In sharp contrast to the Utes, BYU is set along the offensive line. The coaching staff believes the line has multiple players with NFL potential, led by sophomore center James Empey.
The more pressing issues are at receiving and running back, where the Cougars have lacked the ability to quickly get downfield. There is decent talent at both positions, but difference-makers are necessary to succeed.
Without much fanfare, BYU has accumulated enough quality on defense to field one of its better units in recent seasons. Quality players return at all three levels to provide a solid foundation that should allow this team to compete during the difficult early-season schedule.
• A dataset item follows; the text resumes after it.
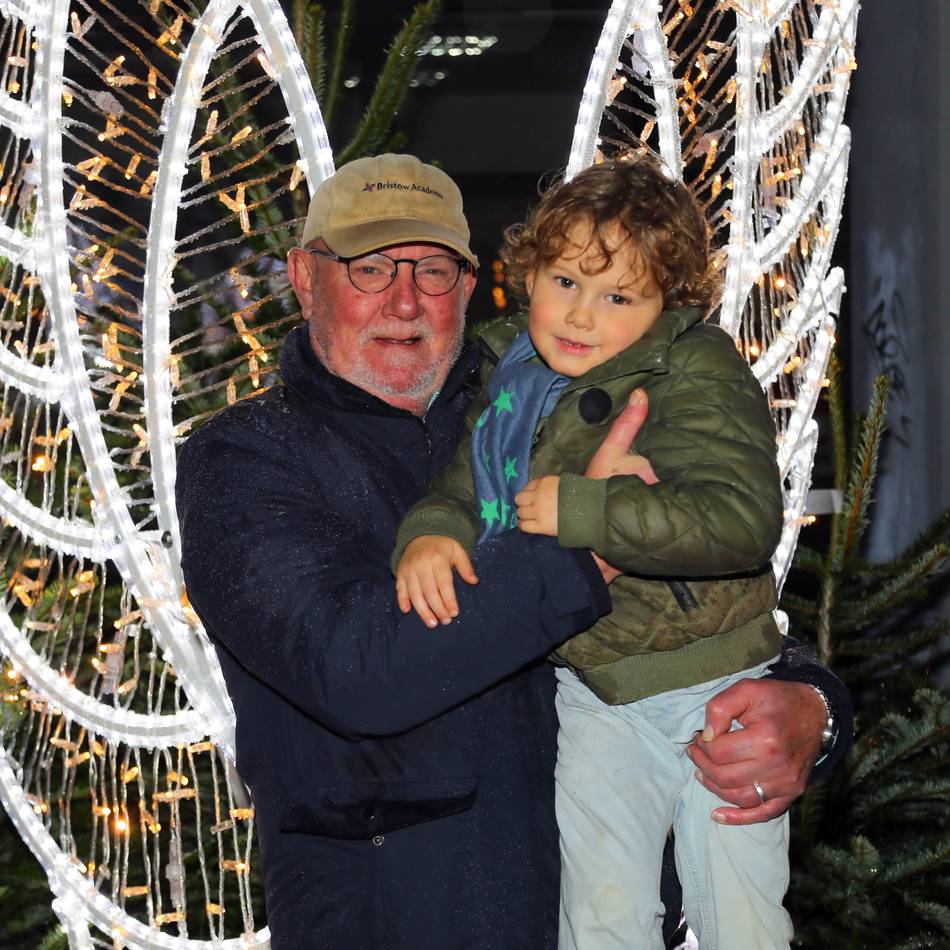 Welche Idee dahinter steckt: Xantens neue Weihnachtsbeleuchtung steht und hängt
Coach Matt Wells and his staff are not the only significant losses off last season’s 11-2 team. While Wells took off to Texas Tech, most of the offense didn’t return, either.
Good thing quarterback Jordan Love, the state’s best player, returns for his junior season before leaving for the NFL. The term “next man up” applies in large doses to lend a helping hand to Love.
Gerold Bright, who rushed for 888 yards and 10 touchdowns, is the only proven product at Love’s disposal. To complicate matters, new coach Gary Andersen, back for his second tour in Logan, has to rebuild the entire offensive line,
There is no mystery for Utah State in training camp. With most of the defense and special teams set, much of the focus will be on developing the offense.